FOLHA - O sr. acha que a região está "à beira da guerra", como dizem analistas, ou a guerra está em curso?
ABBAS MILANI
- A pergunta que devemos fazer é: essa será uma guerra regional? E, se for, envolverá outros países? A resposta é: não. Nem o Irã nem a Síria, os dois únicos países que entrariam nessa guerra, têm interesse nisso agora.

FOLHA - Qual sua reação quando o ultraconservador republicano Newt Gingrich (ex-presidente do Congresso e presidenciável) diz que essa é a "Terceira Guerra Mundial"?
MILANI
- O sr.
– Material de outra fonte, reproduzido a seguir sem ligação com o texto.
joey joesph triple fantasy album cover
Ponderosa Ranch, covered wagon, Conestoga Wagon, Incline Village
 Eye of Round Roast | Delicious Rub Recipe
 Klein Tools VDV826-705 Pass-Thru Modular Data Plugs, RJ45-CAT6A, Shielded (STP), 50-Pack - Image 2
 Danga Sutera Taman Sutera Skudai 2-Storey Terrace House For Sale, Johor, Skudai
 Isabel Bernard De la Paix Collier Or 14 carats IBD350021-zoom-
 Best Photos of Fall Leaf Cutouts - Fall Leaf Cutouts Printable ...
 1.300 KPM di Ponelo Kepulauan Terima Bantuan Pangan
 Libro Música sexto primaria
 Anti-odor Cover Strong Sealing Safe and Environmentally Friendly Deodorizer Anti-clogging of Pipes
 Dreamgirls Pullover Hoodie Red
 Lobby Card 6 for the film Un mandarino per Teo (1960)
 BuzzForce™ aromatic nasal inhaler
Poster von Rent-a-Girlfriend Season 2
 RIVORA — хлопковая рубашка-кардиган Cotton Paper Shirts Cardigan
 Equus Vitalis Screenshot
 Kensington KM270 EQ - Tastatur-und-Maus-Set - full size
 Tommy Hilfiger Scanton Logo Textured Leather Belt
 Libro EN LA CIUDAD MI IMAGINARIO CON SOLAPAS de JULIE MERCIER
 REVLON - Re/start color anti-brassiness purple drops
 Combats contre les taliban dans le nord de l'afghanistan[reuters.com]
Gingrich pode ser um expert em todos os outros assuntos, mas não entende nada de Oriente Médio. Ele e alguns cristãos fundamentalistas bem que gostariam, porque esperam que este seja o sinal do Apocalipse, mas estão errados. Os protagonistas que poderiam elevar a temperatura do conflito, como Arábia Saudita, que seria fundamental para financiar uma guerra do tipo, o Egito, os já citados Irã e Síria e os EUA, não querem isso.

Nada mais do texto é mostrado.